What is the Method for Finding Partial Derivatives with Extra Functions?

[Jacobpm64]

Homework Statement

If z = ax^2 + bxy + cy^2 and u = xy, find \left(\frac{\partial z}{\partial x}\right)_{y} and \left(\frac{\partial z}{\partial x}\right)_{u} .

Homework Equations

I have Euler's chain rule, the "splitter" and the "inverter" for dealing with partial derivatives.

The Attempt at a Solution

I think finding \left(\frac{\partial z}{\partial x}\right)_{y} is easy.
\left(\frac{\partial z}{\partial x}\right)_{y} = 2ax + by

However, I do not know how to begin to find \left(\frac{\partial z}{\partial x}\right)_{u} because of the extra function u. One thought is substituting u for xy in the second term on the right side of the original equation ( i wouldn't know how to differentiate it though).

Any kind of direction would be helpful.

Thanks in advance.

 

[HallsofIvy]

Homework Statement

If z = ax^2 + bxy + cy^2 and u = xy, find \left(\frac{\partial z}{\partial x}\right)_{y} and \left(\frac{\partial z}{\partial x}\right)_{u} .

Homework Equations

I have Euler's chain rule, the "splitter" and the "inverter" for dealing with partial derivatives.

The Attempt at a Solution

I think finding \left(\frac{\partial z}{\partial x}\right)_{y} is easy.
\left(\frac{\partial z}{\partial x}\right)_{y} = 2ax + by

However, I do not know how to begin to find \left(\frac{\partial z}{\partial x}\right)_{u} because of the extra function u. One thought is substituting u for xy in the second term on the right side of the original equation ( i wouldn't know how to differentiate it though).

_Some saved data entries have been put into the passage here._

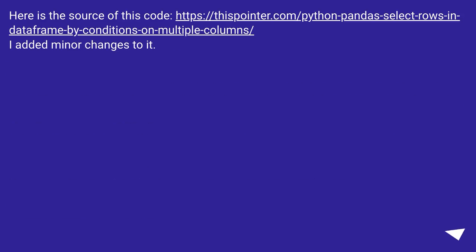Here is the source of this code, this URL. I added minor changes to it.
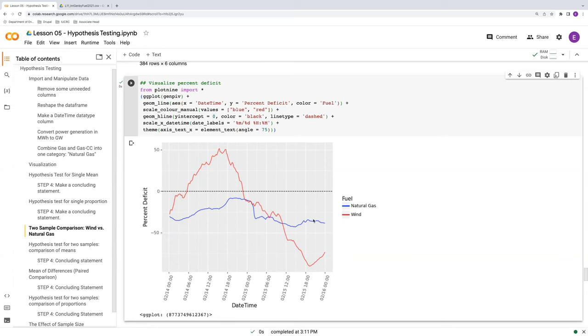We're going to use the percent deficit in the remaining two sample tests. So, comparison of means, both paired and unpaired, and the comparison of proportions.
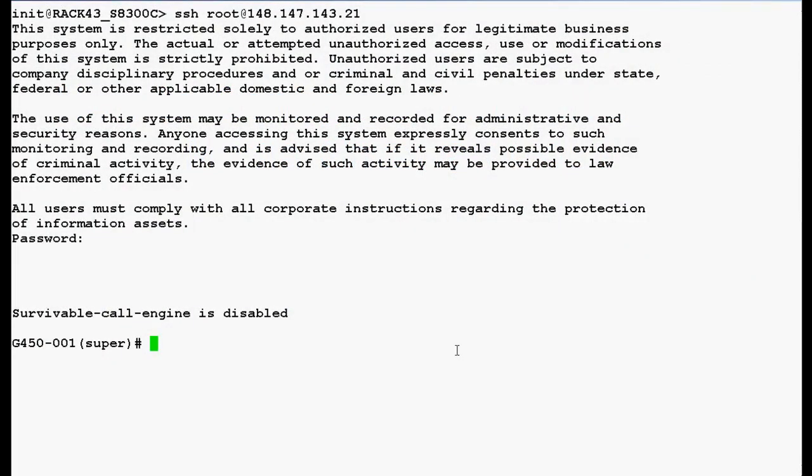I have logged into the command line interface of Media Gateway G450. Port mirroring copies all the received and transmitted packets from a source port to the predefined destination port in addition to the normal destination port of the packets. Port mirroring, also known as sniffing, is very useful in debugging network-related problems.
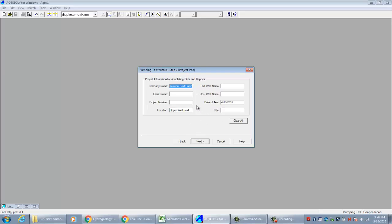In this second step for project information, you can set up some parameters of the test that would appear on a figure if you had the full version. You can still preview that figure; you're just not able to save it. You can fill these out if you like or leave them blank. I'll say Next.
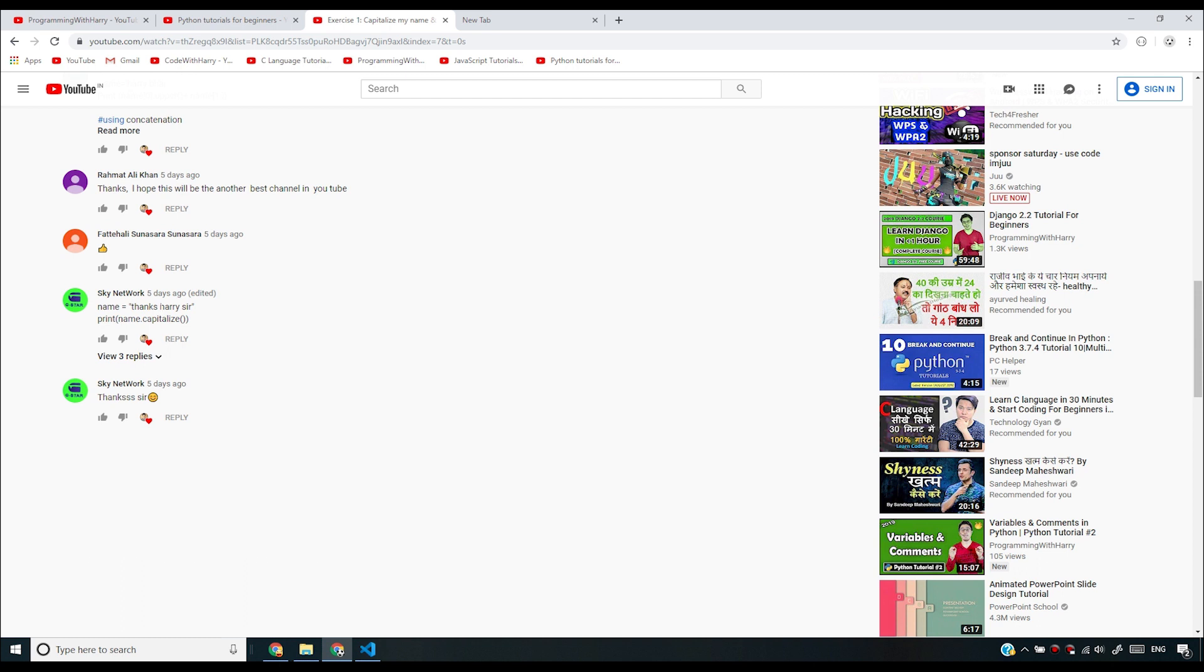This had a built-in function so this was a test of your Google searching and how well you are exploring things. I think you are doing it well, Sky Network. I appreciate that.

Any kind of direction would be helpful.

Thanks in advance.

Replace y in the function by u/x.

 

[Jacobpm64]

All right, let me try your suggestion:

z = ax^2 + bx\left(\frac{u}{x}\right) + c\left(\frac{u}{x}\right)^2
z = ax^2 + bu + \frac{cu^2}{x^2}

\left(\frac{\partial z}{\partial x}\right)_{u} = 2ax - \frac{2cu^2}{x^3}

I guess I can resubstitute to get:
\left(\frac{\partial z}{\partial x}\right)_{u} = 2ax - \frac{2cy^2}{x}

Is this correct?

Thanks in advance.